Fig. 8 shows measurements of the tomographic B-mode power spectra in blue for DES Y3 data. We use 10 000 Gaussian simulations presented in Section 4.1.1 to compute the covariance matrix (we have verified convergence) and obtain a total χ2, for the stacked data vector of B-mode spectra, of 344.0 for 320 degrees of freedom, corresponding to a probability-to-exceed of 0.17. This is consistent with the null hypothesis of no B modes. In addition, we show EB cross-spectra in Fig. 8 for completeness, finding a χ2 of 535.4 for 512 degrees of freedom, and a probability-to-exceed of 0.23. We also show, for completeness, measurements of the non-tomographic B-mode power spectrum, already presented in Gatti et al. (2021c). In this case, we find a χ2 of 40.0 for 32 degrees of freedom and a probability-to-exceed of 0.16. Note that Gatti et al. (2021c) also included a test where the galaxy sample was split in three bins, as a function of the PSF size at the positions of the galaxies, and found agreement with the hypothesis of no B mode.
4.2.2 Point spread function
Jarvis et al. (2021) introduced the new software piff to model the point spread function (PSF) of DES Y3 data, using interpolation in sky coordinates with improved astrometric solutions. Although the impact of the PSF on DES Y3 shapes and real-space shear two-point functions was already investigated in Gatti et al. (2021c) and Amon et al. (2022), we investigate PSF contamination in harmonic space as the leakage of PSF residuals might differ from those in real space.
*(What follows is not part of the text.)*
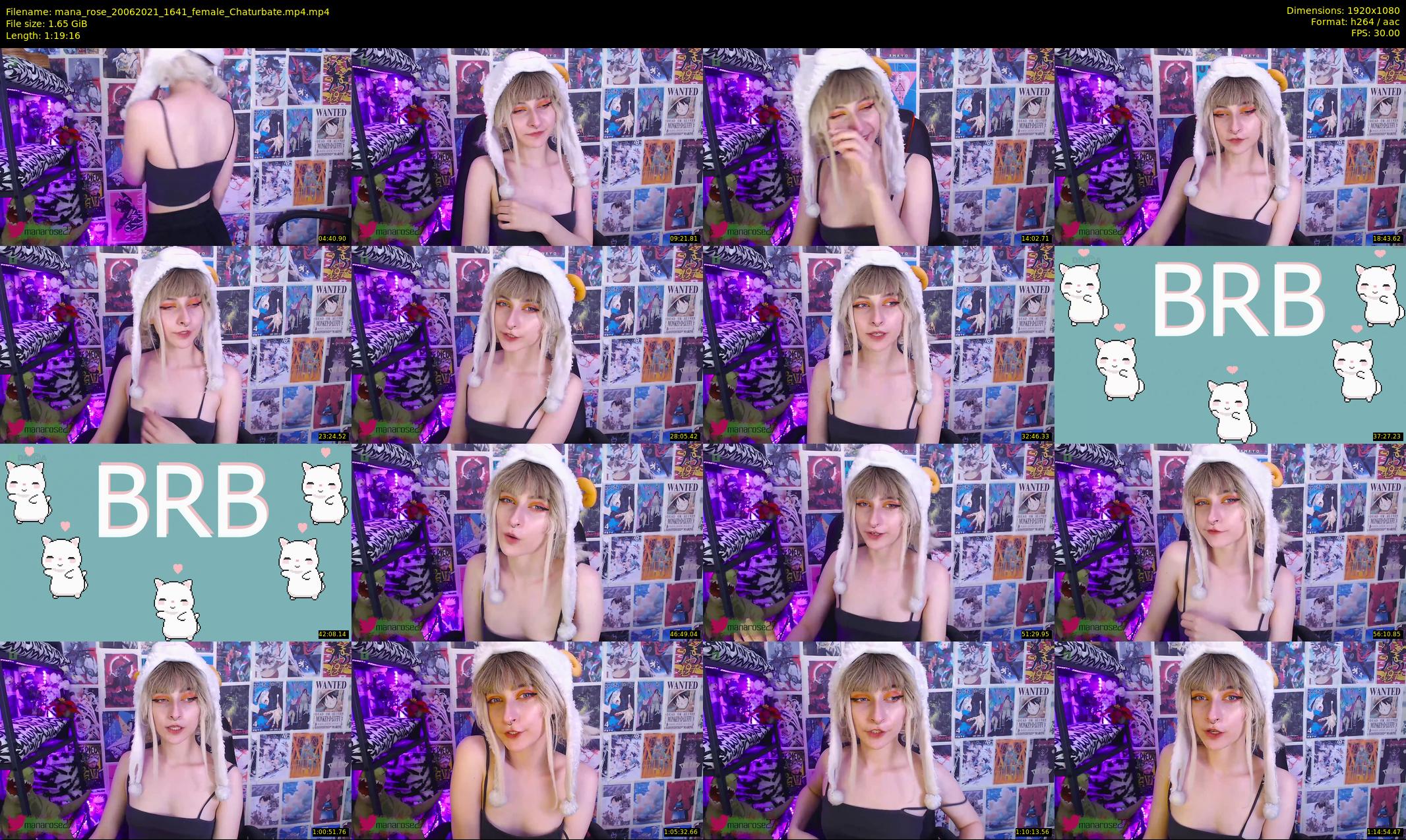 mana_rose — 80 minute Chaturbate female cam show recording, 1080p, Jun 20, 2021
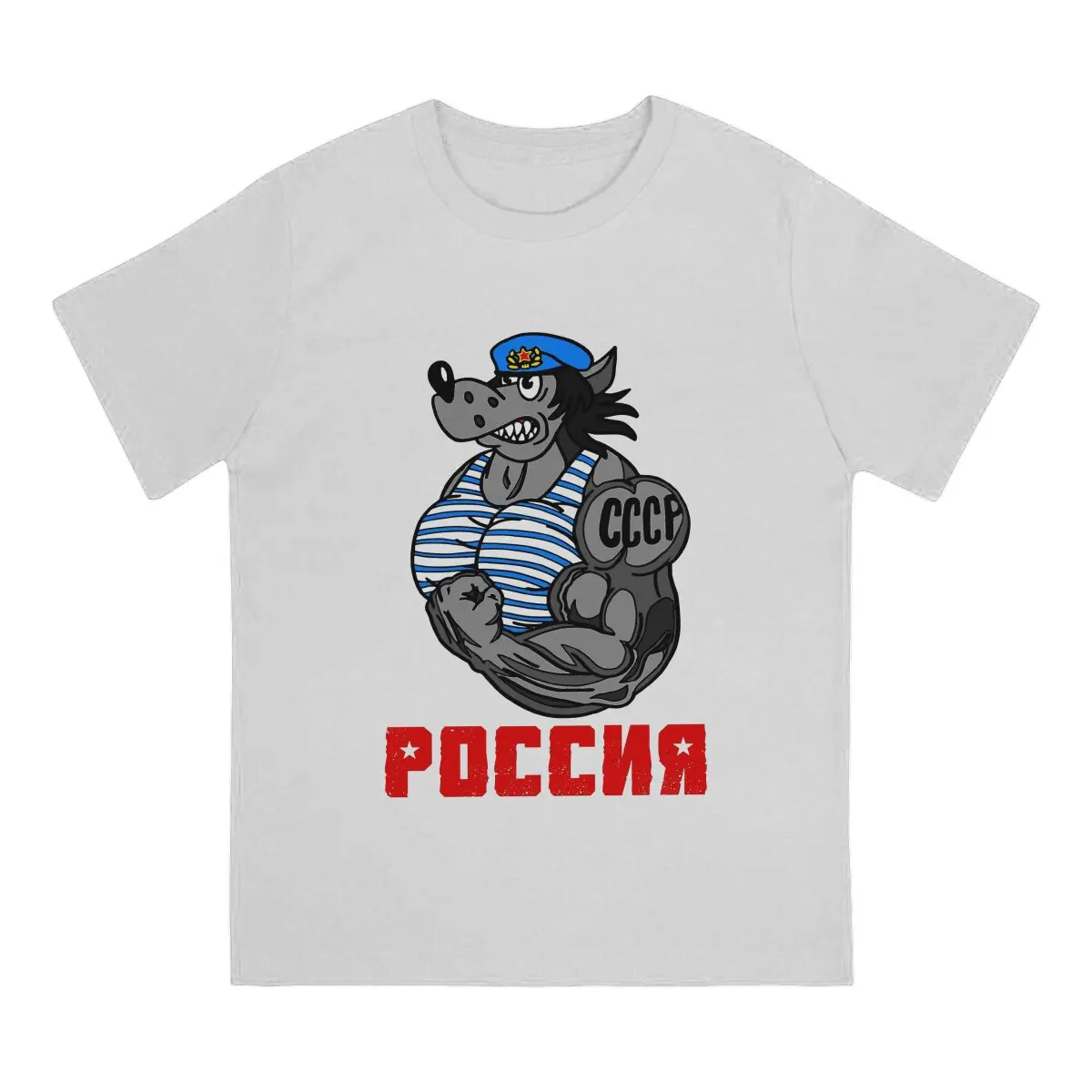 Nu Pogodi Rabbit Wolf Anime Russian Paratrooper CCCP Wolf Tshirt Homme Men's Streetwear Blusas T Shirt For Men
We do so by measuring ρ-statistics (Rowe 2010) in harmonic space and estimate the potential level of contamination of the data vector.
Our detailed results are presented in Appendix A. We conclude that we find no significant contamination and that the residual contamination has negligible impact on cosmological constraints.
4.3 Validation of the covariance matrix
We compare the fiducial covariance matrix to the covariances estimated from Gaussian simulations described in Section 4.1.1 as well as the DarkGridV1 simulations described in Section 4.1.2.
The middle left panel of Fig. 6 shows the ratios of the square-root of the diagonals of those covariance matrices. When compared to the covariance estimated from Gaussian simulations, we find excellent agreement, at the 5 per cent level across all scales and redshift bin pairs. Our fiducial, semi-analytical covariance predicts only slightly larger error bars, at the 2–3 per cent level. We also find very good agreement with the covariance matrix computed from darkgridV1 simulations, with the fiducial covariance matrix showing smaller error bars, at the 15 per cent level, for the largest scales only. This small discrepancy may be attributed to the limited number of simulations (fewer large-scale modes to average over) and/or the replication scheme that is used to build density shells. For both sets of simulations, we also compared diagonals of the off-diagonal blocks (i.e. the terms |$\operatorname{cov}(C_\ell ^{ab},C_{\ell ^{\prime }}^{cd})$| with ab ≠ cd but ℓ = ℓ′) and found good agreement, up to the uncertainty due to the finite number of simulations. Finally, we verified that replacing the analytical covariance matrix by the darkgridv1 covariance matrix has negligible impact on cosmological constraints inferred from the fiducial data vector (shifts below 0.1σ), as shown in Appendix C1.
4.4 Validation of the robustness of the models
In this section, we demonstrate the robustness of our modelling using synthetic data in Section 4.4.1, and using buzzard simulations in Section 4.4.2.
4.4.1 Validation with synthetic data
Our fiducial scale cuts, as explained in Section 3.5.1, are constructed in such a way as to minimize the impact on cosmology from uncertainties in the small-scale matter power spectrum due to baryonic feedback, as shown in Fig. 7.
We further test the robustness of our fiducial model, based on halofit, by testing other prescriptions for the non-linear matter power spectrum. To do so, we compare constraints, inferred with the same model, but for different synthetic data vectors computed (i) with halofit, (ii) with hmcode with dark matter only (i.e. using AHM = 3.13), and (iii) with the euclid emulator (Euclid Collaboration 2019). These data vectors are compared in Fig. 5 and the constraints are shown in Fig. B1, which shows that contours are shifted by less than 0.3σ in the (S8, Ωm) plane.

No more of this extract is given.